As a result, on the stated maturity date, you would receive $31.00 per YEELD,
plus accrued and unpaid coupon payments, because the settlement value of $31.00
is less than $31.9725.

EXAMPLE 3. ASSUMING THE SETTLEMENT VALUE IS $36.00:

As a result, on the stated maturity date, you would receive $31.9725 per YEELD,
plus accrued and unpaid coupon payments, because $31.9725 is less than the
settlement value of $36.00.

To the extent the actual settlement value differs from the values assumed above,
the results indicated above would be different.

If Lehman Brothers Holdings elects the stock settlement option, the market price
of the shares of CarMax, Inc. common stock that you receive per YEELD on the
maturity date may be less than the amount that you would have received had
Lehman Brothers Holdings not elected the stock settlement option because the
number of shares you receive will ordinarily be calculated based upon the value
of CarMax, Inc. common stock five business days prior to the maturity date.
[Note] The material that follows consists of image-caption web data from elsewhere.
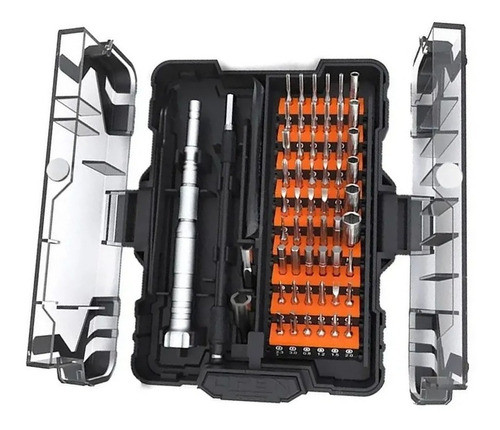 Kit Set Herramientas Reparacion Celulares Profesional Acero 0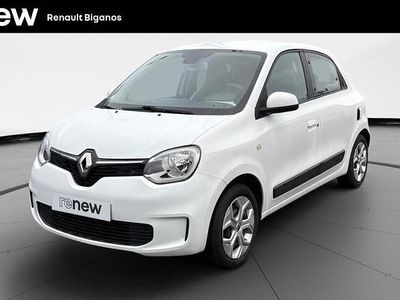 Blanc Occasion 2021 Renault Twingo SE Citadine | 11 990 €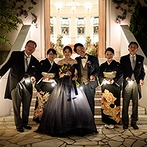 ミ・ピアーチェ：新郎新婦共に両親への手紙を読んで感謝を伝えよう。準備は早い段階からやりたいことを明確にすることが大切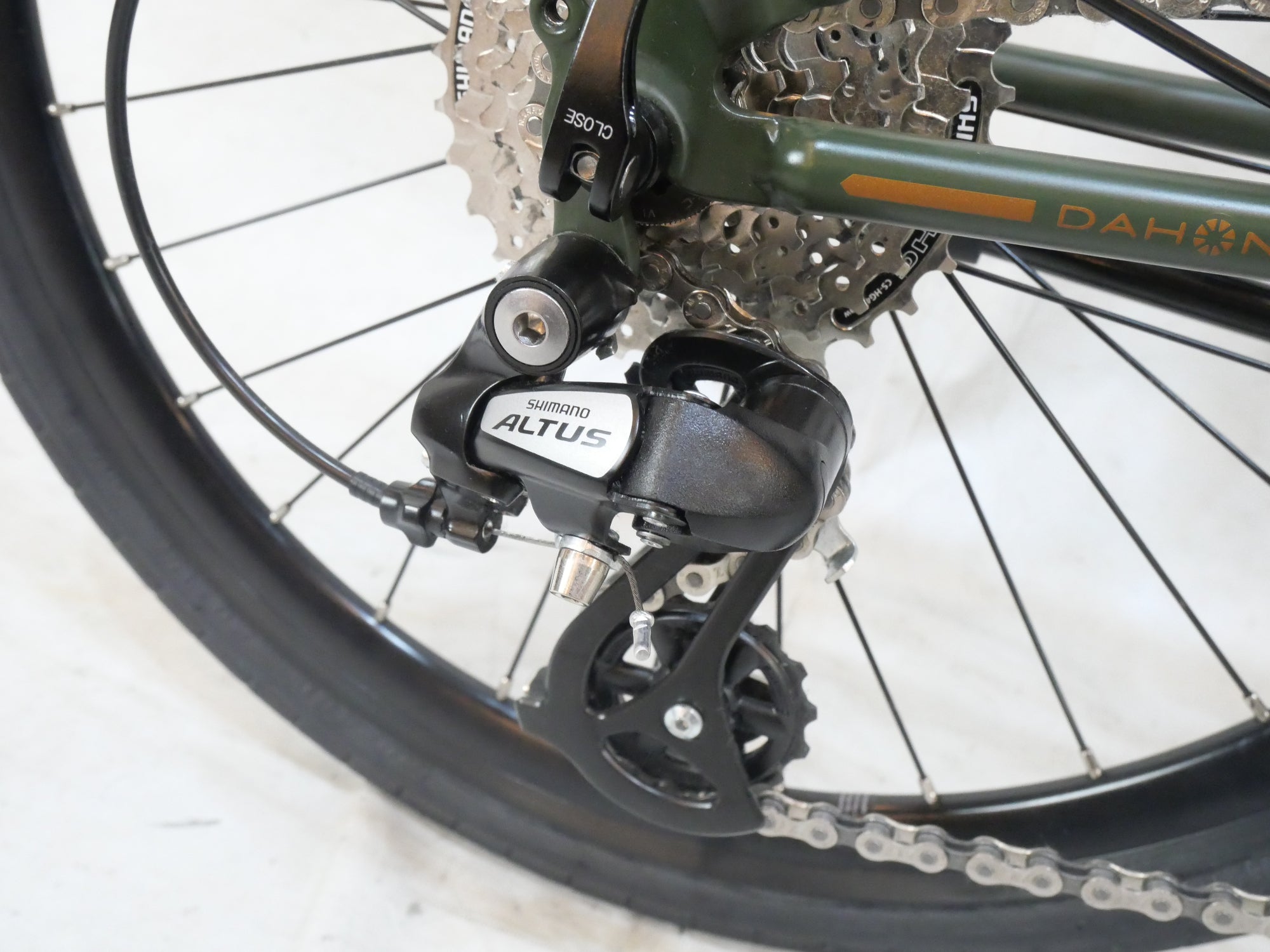 DAHON 「ダホン」 SPEED FALCO 2024年モデル 20インチ 折り畳み自転車 / バイチャリ浦和ベース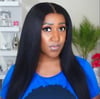 LuvMe Kinky Straight 4C Edges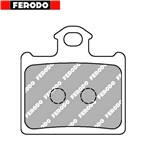 PASTIGLIE FRENO FERODO - Husqvarna: TC 85 85 14 TC 85 85 14 (FD.0464)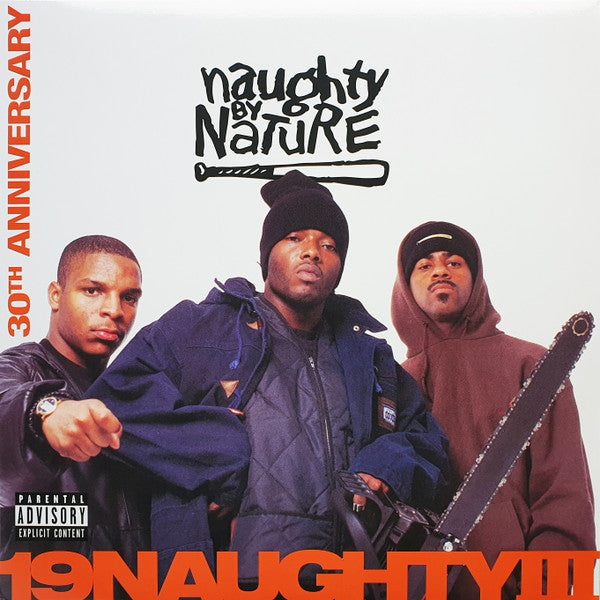 Naughty by Nature – 19 Naughty III (30TH Anniversary) 🇺🇸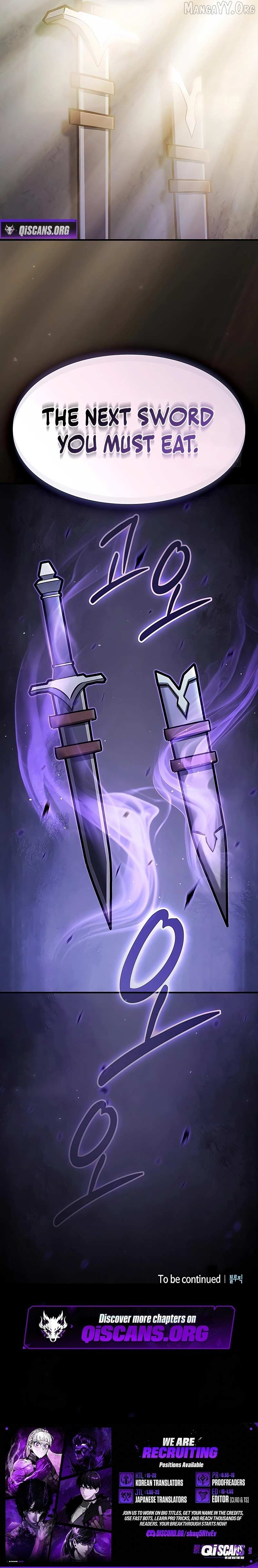 Sword Devouring Swordmaster Chapter 13 page 12 -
                    SUPPLEMENTAL USE OF PROCEEDS AND HEDGING

An amount equal to approximately 45% of the proceeds to be received by Lehman
Brothers Holdings from the sale of the notes has been or will be used by Lehman
Brothers Holdings or one or more of its subsidiaries before and immediately
following the initial offering of the notes to acquire shares of the index
stock.


                                      PS-3


                       INDEX STOCK ISSUER AND INDEX STOCK

CARMAX, INC.

Lehman Brothers Holdings has obtained the following information regarding
CarMax, Inc. from CarMax, Inc.'s reports filed with the SEC.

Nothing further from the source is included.